Wells Fargo Can Hack Its Writedowns - Can Citi and JPMorgan?

Comment: There is some foul language in this link!

Excerpts:

On the Paulson agreement:

If the banks agree to Paulson's gambit, bank shareholders and loan investors will take a bath, credit available for housing will disappear, and a least one in three subprime borrowers will eventually default anyway. The editorial yesterday in the New York Times supporting the Paulson proposal is dead wrong: Loan modification does not help struggling subprime borrowers, only the politicians of both parties who prey upon them. Loan modification a la Paulson hurts investors, financial institutions and the US economy.

On Wells Fargo:


WFC ended the third quarter of this year with an ROA of 1.58% and ROE of over 15%, both figures are annualized and both a full standard deviation above peer. Run rate defaults were 80bp (annualized) through September 30, 2007, but WFC announced last week that it will write off 300bp or 3% of total loans which the bank considers problematic. That will take gross loan and lease defaults for the full year up to about 400bp or 4%, more than 2x the maximum probable loss from lending estimated by the IRA Bank Monitor or just inside the upper range for a "B" bond equivalent rating for the bank's portfolio.

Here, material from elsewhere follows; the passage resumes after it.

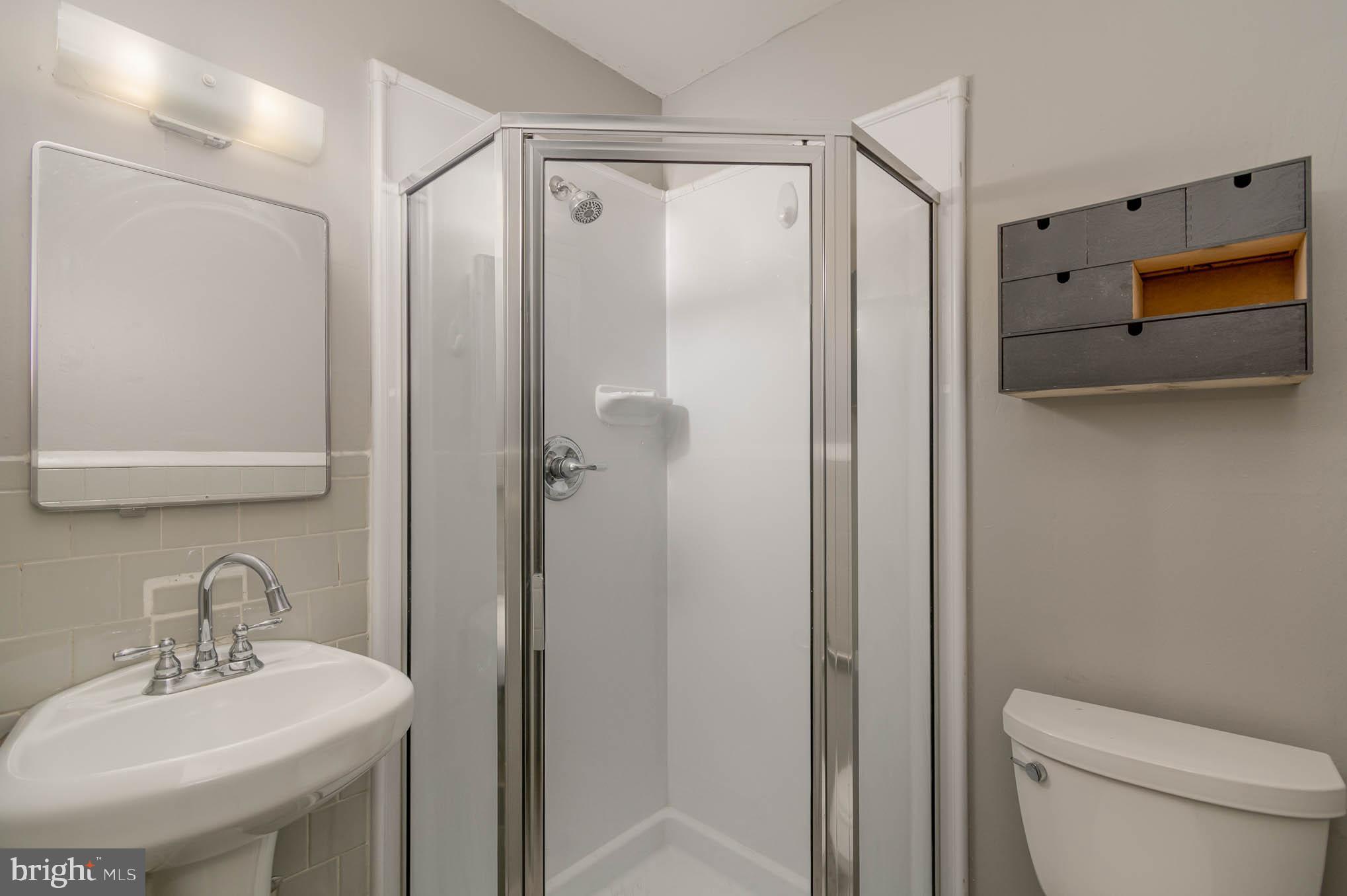 4612 Tema Road Pikesville, MD 21208 - Photo 20 of 27 a bathroom with a shower a toilet and sink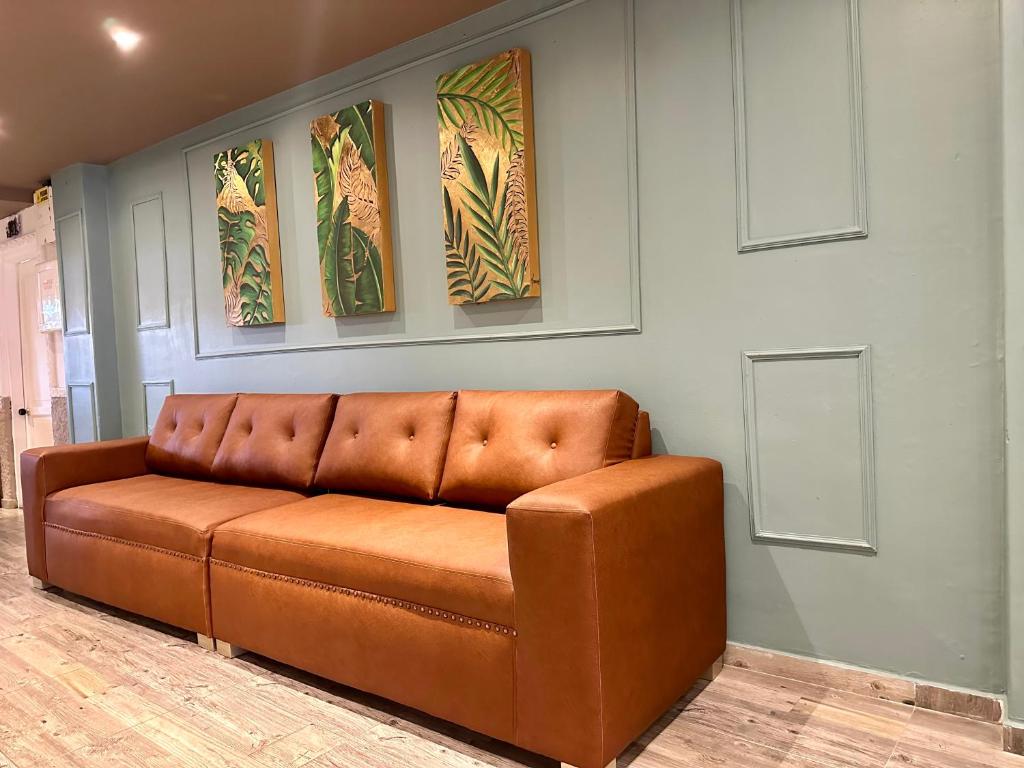 - un canapé brun dans une pièce avec trois peintures dans l'établissement Hotel Londres Real, à Valledupar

The decision by WFC to immediately write down loans equal to 3x the expected defaults for all of 2007 may seem like bad news, but we view it as a sign of strength. Unlike the the big players in structured finance such as C, JPMorgan Chase (NYSE:JPM) and Merrill Lynch (NYSE:MER), WFC does not have much of a trading or capital markets operation.

The majority of WFC's Economic Capital needs stems from the investment book, followed by trading and then lending activities. The 0.8:1 ratio of Economic Capital to Tier One Risk Based Capital for the bank at the end of Q3 compared with just 0.5:1 for Q2, a more than 50% change in a single quarter. The increase comes from a big jump in WFC's securities portfolio.

Unlike many of its larger peers, WFC seems to have the capital and the earnings power to navigate its way through the coming credit risk storm.